System configuration and initialization
posted on 2:37 PM, July 12, 2009

ExSite::Config - ExSite configuration and initialization

Config.pm contains general configuration parameters, site-specific setup data, and global variables used throughout the ExSite system.

This file is designed so that it never has to be modified. To set configuration variables, use an ``exsite.conf'' file, which will be loaded automatically, overriding the presets below. This file can be placed in cgi-bin/, or cgi-bin/conf/. Special configuration routines and functions can be defined in the module myConfig.pm.


use ExSite::Config;

This is required in all ExSite programs. In addition, every program should also include the following first line of executable code:


Configuration Management

The system defines six global configuration hashes, described below. These are exported to all programs that use ExSite::Config.
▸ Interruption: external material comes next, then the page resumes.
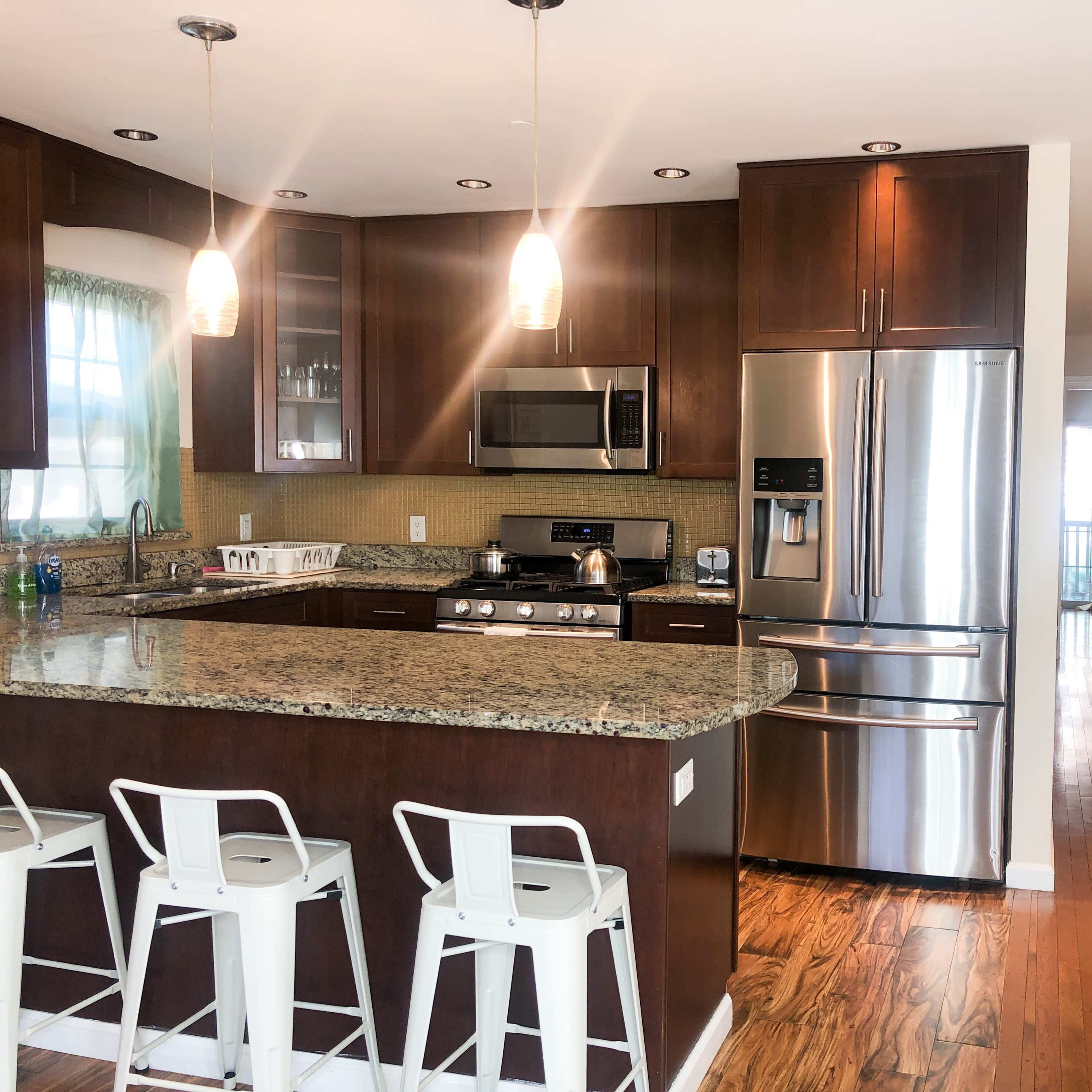 A modern kitchen with a granite countertop, stainless steel appliances, bar seating, and a view of an adjoining hallway.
%config is used for system constants that do not normally change.

The system constants in %config are read first from the hard-coded values in Config.pm, and then from the local configuration file ``exsite.conf'', which can override the former values. Modifications to the site configuration should be made in exsite.conf, not in Config.pm.

Specific configuration parameters are described in the ExSite Configuration documentation, or in Config.pm.

Any module or other package can read its own configuration file(s) into %config, by calling: read_exsite_conf().

In a plain CGI setup, %config is re-read on each request, so configuration changes are picked up immediately. In a persistent perl setup, %config will remain defined from the previous request, and you will need to restart your persistent perl to refresh %config. In a setup with the persistent data store (see %store, below), ExSite will try to load a cached version of %config from %store

before reparsing the raw config files. To change the configuration, you will need to reset the %store to force the data to reload.

%share is used as a general-purpose shared-memory area for the current request. %share is cleared on each page request.

The %share hash is used for sharing data between widely separated modules and routines. The primary difference between %config and %share is that the former is regarded as persistent (values stay the same from request to request), while the latter is volatile (values vary from request to request).

The differences are not especially significant for normal CGI setups, since %config must be reloaded on each request anyway. But in a persistent perl or persistent data store configuration, %config may only be configured once, whereas %share will be cleared and rebuilt on every request. (If you do not follow this convention, you may have problems when switching to use persistence.)

%share is cleared every time &exsite_init() is called. %share will be used to store pointers to the current database and page objects ($share{DB} and $share{Page}, respectively), plus any other shareable data placed there by localization routines and content modules.

%session stores semi-persistent data for a particular user. That is, it remembers data between different page requests, but clears the data after a certain amount of time has passed with no activity. The %session hash only holds data for the current user; other sessions' data are not available. This is a useful mechanism for temporarily preserving a visitor's state. Sessions last for 1 hour by default, but are automatically renewed if used. In other words, if no activity is detected under a session for one hour, the session will be terminated.

Session management is automatically enabled if you are using the persistent data store (%store). Actual session records are created only if data is written to %session, however. That is, there is no persistent record of a session if nothing is ever written into

%session. The number of session records indicates the number of users who have session data that is being tracked, not necessarily the total number of users active on the site.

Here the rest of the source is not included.